# About this exercise
Below are some records. Quote exactly the lines from the one that contains "leads to adoption" through the last, both included, and leave out the pictures.
[Records shown]
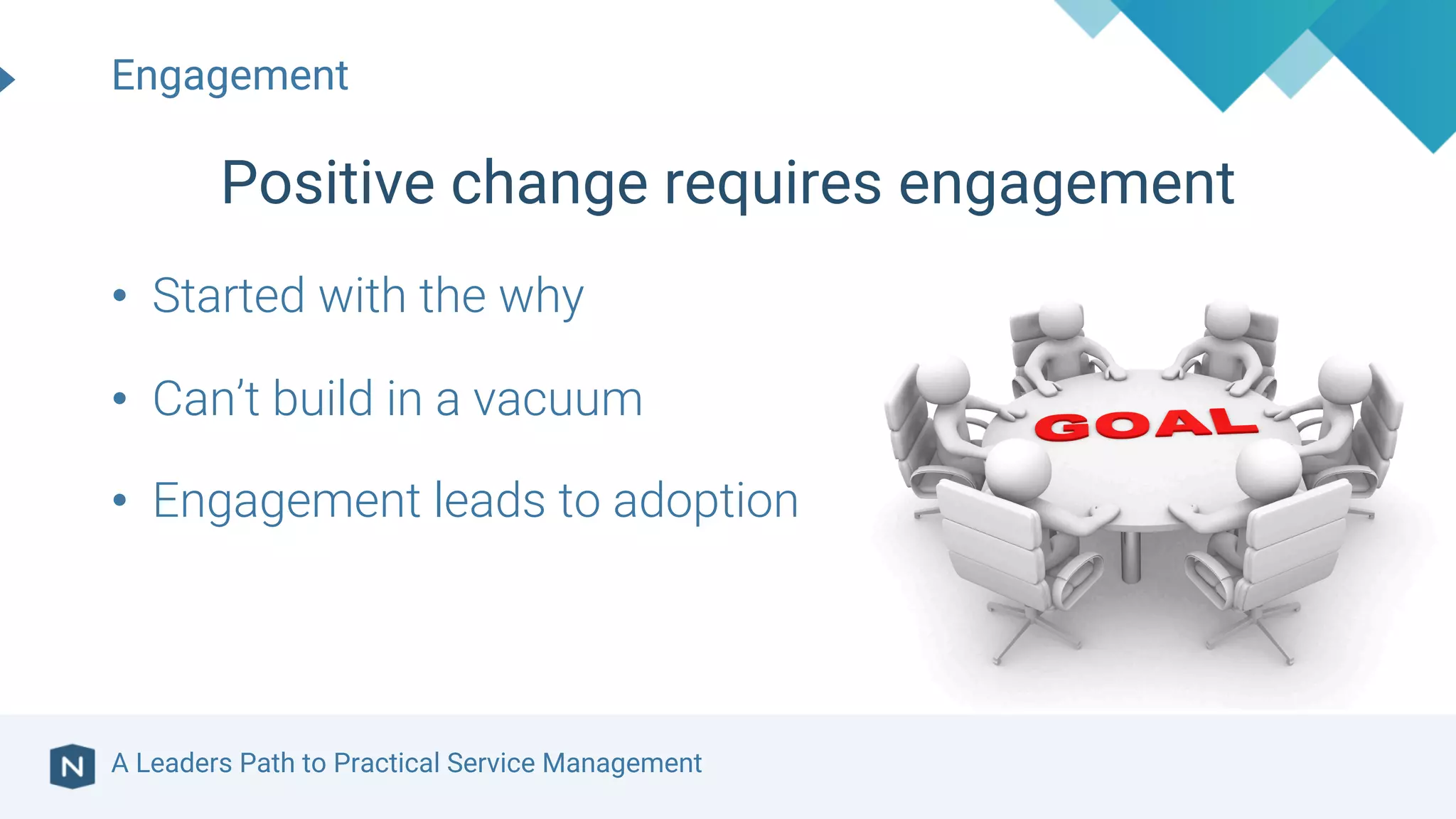 A Leaders Path to Practical Service Management
• Started with the why
• Can’t build in a vacuum
• Engagement leads to adoption
Engagement
Positive change requires engagement
 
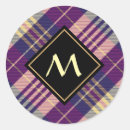 Sök efter tartan hobbymaterial Mönster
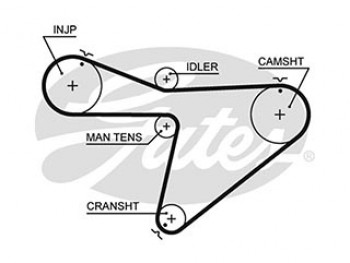 AR-SYNCHRONOUS BELTS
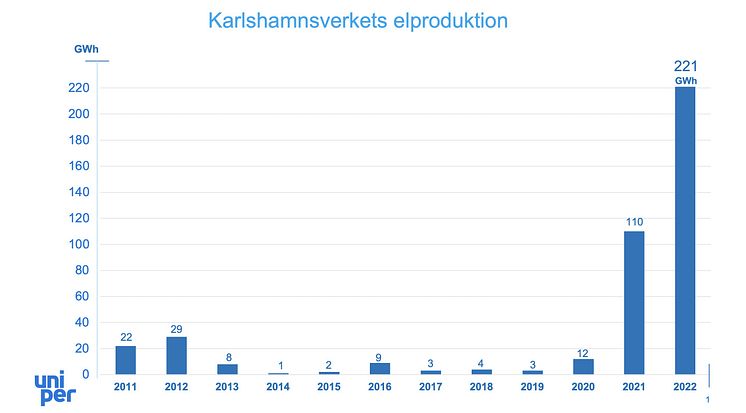 Karlshamnsverkets elproduktion_2022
[/Records shown]
# Exercise solution
• Engagement leads to adoption
Engagement
Positive change requires engagement
 
 Sök efter tartan hobbymaterial Mönster
 AR-SYNCHRONOUS BELTS
 Karlshamnsverkets elproduktion_2022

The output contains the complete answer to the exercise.